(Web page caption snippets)
===

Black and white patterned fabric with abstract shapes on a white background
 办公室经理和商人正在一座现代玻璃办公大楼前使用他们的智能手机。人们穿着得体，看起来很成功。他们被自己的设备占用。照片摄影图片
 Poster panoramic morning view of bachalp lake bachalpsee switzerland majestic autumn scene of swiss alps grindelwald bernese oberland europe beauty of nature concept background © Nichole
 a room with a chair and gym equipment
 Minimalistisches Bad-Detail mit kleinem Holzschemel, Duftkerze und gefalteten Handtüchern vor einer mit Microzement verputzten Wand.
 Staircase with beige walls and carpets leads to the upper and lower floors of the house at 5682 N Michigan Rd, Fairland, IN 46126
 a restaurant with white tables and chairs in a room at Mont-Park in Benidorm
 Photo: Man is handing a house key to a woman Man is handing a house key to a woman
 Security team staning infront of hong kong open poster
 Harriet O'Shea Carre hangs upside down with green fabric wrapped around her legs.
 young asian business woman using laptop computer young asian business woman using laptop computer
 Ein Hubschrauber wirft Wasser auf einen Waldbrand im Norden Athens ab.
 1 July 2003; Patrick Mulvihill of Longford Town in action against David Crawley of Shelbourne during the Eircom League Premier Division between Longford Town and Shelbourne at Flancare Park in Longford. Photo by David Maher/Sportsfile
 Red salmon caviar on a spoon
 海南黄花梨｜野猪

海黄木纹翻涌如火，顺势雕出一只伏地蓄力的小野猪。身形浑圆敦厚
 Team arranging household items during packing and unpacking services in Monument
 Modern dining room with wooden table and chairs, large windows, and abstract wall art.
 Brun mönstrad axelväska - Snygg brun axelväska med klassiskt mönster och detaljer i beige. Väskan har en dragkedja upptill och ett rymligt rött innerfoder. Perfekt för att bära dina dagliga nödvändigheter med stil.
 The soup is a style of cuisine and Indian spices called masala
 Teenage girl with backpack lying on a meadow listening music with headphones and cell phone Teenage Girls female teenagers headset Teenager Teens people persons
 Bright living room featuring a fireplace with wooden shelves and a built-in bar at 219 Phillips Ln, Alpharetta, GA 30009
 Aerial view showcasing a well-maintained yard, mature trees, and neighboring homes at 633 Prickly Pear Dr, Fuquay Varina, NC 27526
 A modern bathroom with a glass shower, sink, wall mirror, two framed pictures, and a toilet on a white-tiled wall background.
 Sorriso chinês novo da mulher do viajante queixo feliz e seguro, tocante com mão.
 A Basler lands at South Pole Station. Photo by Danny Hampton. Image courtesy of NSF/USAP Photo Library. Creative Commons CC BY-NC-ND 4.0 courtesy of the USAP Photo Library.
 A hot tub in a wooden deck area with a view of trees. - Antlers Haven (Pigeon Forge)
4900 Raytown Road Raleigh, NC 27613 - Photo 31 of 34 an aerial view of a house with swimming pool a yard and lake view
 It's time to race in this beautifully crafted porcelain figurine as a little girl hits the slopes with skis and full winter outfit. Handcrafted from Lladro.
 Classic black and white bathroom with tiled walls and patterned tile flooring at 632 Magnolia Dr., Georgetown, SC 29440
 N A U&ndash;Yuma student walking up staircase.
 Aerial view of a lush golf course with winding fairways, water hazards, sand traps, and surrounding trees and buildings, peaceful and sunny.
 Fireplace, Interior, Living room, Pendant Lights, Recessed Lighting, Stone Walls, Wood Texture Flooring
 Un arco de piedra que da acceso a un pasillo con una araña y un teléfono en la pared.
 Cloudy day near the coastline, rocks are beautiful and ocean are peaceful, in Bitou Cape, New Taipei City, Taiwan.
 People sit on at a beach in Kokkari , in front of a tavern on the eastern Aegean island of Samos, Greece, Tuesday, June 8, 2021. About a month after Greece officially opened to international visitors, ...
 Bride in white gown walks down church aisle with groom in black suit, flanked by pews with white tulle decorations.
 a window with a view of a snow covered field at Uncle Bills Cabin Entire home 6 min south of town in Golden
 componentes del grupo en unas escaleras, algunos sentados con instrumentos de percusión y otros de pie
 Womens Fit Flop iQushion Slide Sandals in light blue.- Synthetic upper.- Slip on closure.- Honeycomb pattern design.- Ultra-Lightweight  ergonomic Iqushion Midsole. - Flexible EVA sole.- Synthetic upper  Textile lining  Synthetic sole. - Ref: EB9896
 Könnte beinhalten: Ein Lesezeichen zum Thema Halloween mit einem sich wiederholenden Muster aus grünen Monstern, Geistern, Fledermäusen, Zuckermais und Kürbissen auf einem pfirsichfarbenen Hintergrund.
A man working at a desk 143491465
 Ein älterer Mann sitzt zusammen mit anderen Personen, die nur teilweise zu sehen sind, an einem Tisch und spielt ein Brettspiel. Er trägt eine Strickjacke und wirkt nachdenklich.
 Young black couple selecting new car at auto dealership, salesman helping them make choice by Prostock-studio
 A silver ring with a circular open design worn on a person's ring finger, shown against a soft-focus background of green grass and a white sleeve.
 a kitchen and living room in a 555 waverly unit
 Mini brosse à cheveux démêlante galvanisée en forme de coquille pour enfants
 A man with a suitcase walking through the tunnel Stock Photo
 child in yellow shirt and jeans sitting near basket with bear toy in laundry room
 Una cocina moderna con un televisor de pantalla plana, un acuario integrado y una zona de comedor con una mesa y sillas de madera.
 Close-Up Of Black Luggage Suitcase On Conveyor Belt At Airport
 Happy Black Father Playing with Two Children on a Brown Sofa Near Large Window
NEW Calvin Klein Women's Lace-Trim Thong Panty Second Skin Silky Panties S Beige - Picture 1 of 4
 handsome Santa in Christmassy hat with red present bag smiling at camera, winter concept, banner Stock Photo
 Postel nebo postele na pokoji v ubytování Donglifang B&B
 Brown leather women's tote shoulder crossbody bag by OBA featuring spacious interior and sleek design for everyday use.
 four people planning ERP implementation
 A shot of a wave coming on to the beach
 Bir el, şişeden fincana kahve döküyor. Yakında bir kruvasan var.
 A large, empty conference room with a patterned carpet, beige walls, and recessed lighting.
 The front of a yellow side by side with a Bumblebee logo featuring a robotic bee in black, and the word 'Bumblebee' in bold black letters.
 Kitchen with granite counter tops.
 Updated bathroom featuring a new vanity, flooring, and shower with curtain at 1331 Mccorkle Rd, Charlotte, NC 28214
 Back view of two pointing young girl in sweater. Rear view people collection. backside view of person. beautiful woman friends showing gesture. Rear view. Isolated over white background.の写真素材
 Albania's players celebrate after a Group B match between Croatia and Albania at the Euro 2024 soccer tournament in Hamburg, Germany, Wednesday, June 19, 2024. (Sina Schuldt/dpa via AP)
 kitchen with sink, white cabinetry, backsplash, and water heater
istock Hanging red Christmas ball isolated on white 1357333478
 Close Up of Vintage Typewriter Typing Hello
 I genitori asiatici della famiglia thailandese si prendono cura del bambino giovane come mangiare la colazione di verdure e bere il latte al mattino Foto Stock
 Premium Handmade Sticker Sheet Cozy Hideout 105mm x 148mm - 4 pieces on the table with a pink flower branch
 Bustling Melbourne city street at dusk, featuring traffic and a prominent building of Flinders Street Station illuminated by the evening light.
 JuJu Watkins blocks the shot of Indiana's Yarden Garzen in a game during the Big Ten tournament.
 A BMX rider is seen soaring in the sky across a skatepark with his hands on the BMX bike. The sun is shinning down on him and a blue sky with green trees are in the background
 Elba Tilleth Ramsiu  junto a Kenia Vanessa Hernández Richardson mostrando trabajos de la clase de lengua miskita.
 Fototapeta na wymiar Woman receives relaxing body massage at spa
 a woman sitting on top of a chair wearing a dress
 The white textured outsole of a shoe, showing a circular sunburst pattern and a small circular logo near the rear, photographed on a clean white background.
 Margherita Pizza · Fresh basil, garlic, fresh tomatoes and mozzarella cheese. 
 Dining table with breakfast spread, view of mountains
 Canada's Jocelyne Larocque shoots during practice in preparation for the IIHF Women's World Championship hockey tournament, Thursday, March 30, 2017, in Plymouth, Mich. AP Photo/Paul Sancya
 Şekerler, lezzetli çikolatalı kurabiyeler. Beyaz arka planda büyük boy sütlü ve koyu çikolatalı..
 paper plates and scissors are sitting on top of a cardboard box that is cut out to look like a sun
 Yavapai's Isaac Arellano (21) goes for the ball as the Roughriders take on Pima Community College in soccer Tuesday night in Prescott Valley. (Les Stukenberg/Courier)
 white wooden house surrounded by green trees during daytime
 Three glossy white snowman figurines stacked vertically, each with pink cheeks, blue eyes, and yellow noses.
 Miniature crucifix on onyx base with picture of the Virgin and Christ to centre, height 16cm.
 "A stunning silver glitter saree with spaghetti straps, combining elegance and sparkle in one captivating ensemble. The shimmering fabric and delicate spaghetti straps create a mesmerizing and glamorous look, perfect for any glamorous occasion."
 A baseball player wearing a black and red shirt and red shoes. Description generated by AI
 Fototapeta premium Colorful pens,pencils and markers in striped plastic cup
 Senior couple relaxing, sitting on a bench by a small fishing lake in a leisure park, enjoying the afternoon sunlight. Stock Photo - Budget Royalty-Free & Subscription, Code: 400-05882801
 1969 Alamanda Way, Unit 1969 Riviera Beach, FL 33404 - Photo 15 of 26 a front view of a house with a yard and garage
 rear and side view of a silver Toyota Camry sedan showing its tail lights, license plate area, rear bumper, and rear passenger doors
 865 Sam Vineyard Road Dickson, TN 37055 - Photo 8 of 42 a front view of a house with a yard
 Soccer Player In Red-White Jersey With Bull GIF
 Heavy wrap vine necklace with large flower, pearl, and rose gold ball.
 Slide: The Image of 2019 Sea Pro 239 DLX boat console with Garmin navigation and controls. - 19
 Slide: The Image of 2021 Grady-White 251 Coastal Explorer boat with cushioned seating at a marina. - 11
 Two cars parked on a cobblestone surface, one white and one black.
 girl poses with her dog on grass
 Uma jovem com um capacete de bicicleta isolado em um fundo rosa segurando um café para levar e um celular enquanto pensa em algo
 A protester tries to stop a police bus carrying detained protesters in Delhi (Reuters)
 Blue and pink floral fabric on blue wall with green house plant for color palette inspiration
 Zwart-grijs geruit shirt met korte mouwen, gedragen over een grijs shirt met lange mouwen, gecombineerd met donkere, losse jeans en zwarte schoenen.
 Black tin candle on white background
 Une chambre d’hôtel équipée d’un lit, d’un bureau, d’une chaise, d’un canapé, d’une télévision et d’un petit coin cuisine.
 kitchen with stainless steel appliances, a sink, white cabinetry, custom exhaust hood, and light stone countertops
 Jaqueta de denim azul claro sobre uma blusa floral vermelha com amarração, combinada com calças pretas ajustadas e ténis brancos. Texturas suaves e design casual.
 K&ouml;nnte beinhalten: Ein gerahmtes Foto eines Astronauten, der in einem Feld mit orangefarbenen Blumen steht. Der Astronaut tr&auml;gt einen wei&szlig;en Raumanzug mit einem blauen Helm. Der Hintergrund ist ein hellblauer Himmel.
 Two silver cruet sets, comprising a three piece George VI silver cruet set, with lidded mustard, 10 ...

===

WORK REQUEST: Starting at the line above that holds "Fototapeta premium Colorful" and ending at the line that holds "Senior couple relaxing, sitting", transcribe each line exactly and include no other lines.

WRITTEN ANSWER:
 Fototapeta premium Colorful pens,pencils and markers in striped plastic cup
 Senior couple relaxing, sitting on a bench by a small fishing lake in a leisure park, enjoying the afternoon sunlight. Stock Photo - Budget Royalty-Free & Subscription, Code: 400-05882801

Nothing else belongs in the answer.